Foreword Reviews

Spanish Colonial Paintings Paired with Engraved Sources

from the C. C. Spenuzza Collection

Clarion Rating: 3 out of 5

Spanish Colonial Paintings Paired with Engraved Sources is an illustrated introduction to the unique ways in which Latin American painters depicted European religious iconography.

Edited by Cecilia C. Spenuzza, the art book Spanish Colonial Paintings Paired with Engraved Sources, lets experts spotlight and analyze paintings by colonial-era Latin American artists.

When Spain colonized the Americas, they imposed their religious beliefs and artistic preferences on the Indigenous populations. Native artists were trained by Europeans to emulate prints of European paintings, and then they were commissioned by wealthy or religious patrons to create works espousing European values. These artists nevertheless found ways to inject a New World sensibility into their work, and to make it more accessible to local audiences. This book compares their paintings with the engravings from which the artists may have drawn inspiration.

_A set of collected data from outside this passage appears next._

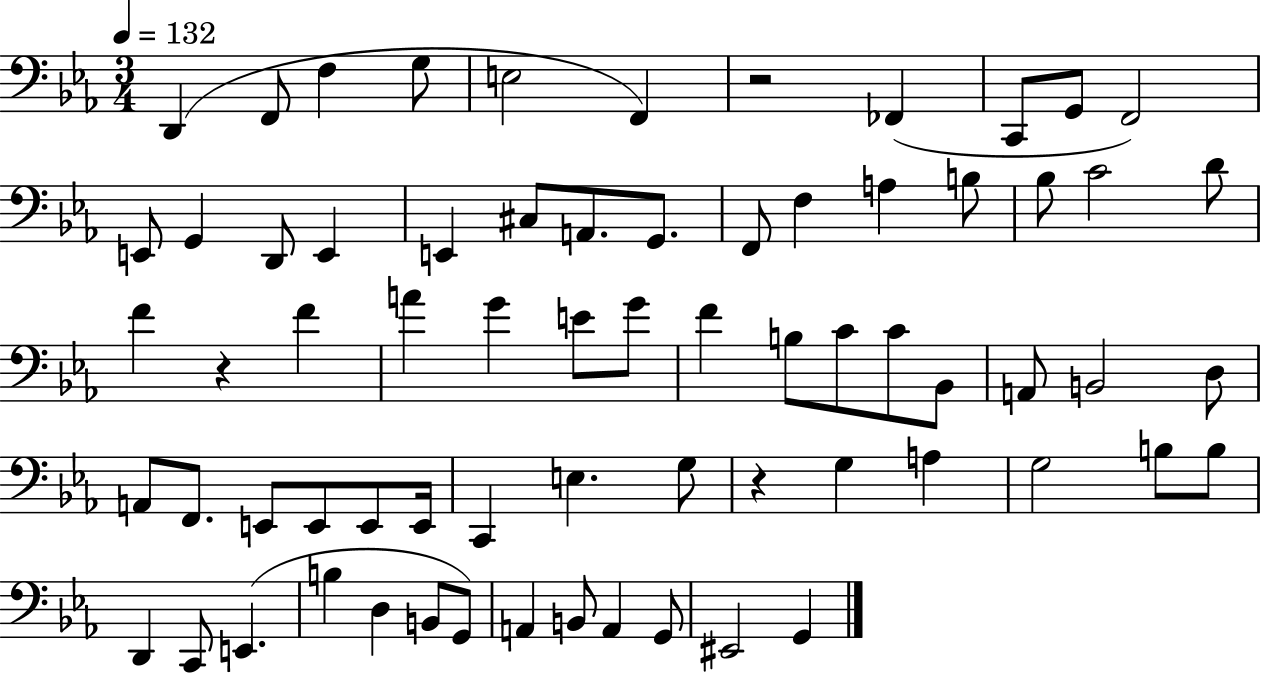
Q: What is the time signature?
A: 3/4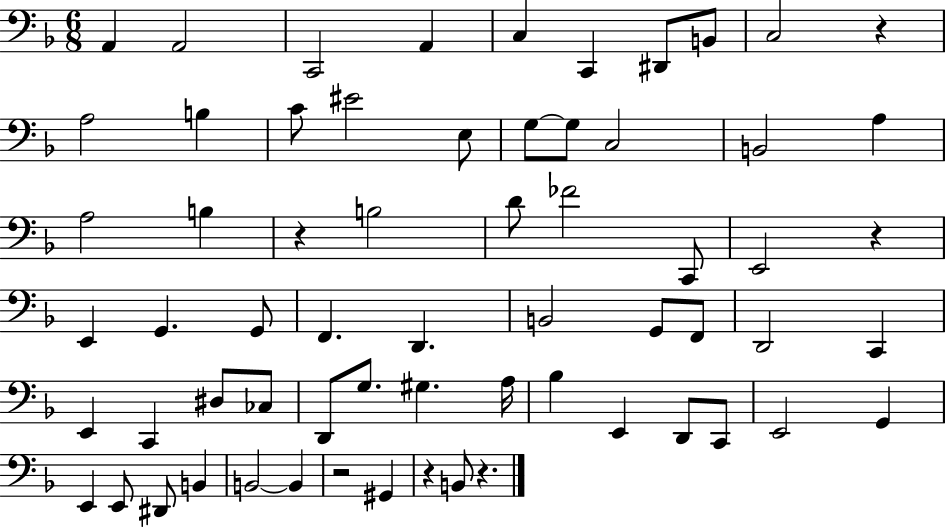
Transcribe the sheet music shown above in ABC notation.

X:1
T:Untitled
M:6/8
L:1/4
K:F
A,, A,,2 C,,2 A,, C, C,, ^D,,/2 B,,/2 C,2 z A,2 B, C/2 ^E2 E,/2 G,/2 G,/2 C,2 B,,2 A, A,2 B, z B,2 D/2 _F2 C,,/2 E,,2 z E,, G,, G,,/2 F,, D,, B,,2 G,,/2 F,,/2 D,,2 C,, E,, C,, ^D,/2 _C,/2 D,,/2 G,/2 ^G, A,/4 _B, E,, D,,/2 C,,/2 E,,2 G,, E,, E,,/2 ^D,,/2 B,, B,,2 B,, z2 ^G,, z B,,/2 z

To the inexperienced eye, the New World paintings may be indistinguishable from the work done in Europe. However, as the book shows, Indigenous artists left their own marks on scenes that were familiar to all Christians, from the Immaculate Conception to Jesus’s arrival in Jerusalem. Though the artists were often anonymous, and though their artistic subjects were dictated to them, they did not simply copy what they were shown: they reinterpreted the source material with their own distinct touches, such as the inclusion of native fauna, and the liberal use of gold leaf on the clothing of holy figures. Such changes demonstrate the unique perspectives and styles of Latin American artists and show how Indigenous populations blended new and old religious concepts—for example, by giving Mary attributes associated with Pachamama, an important Incan goddess.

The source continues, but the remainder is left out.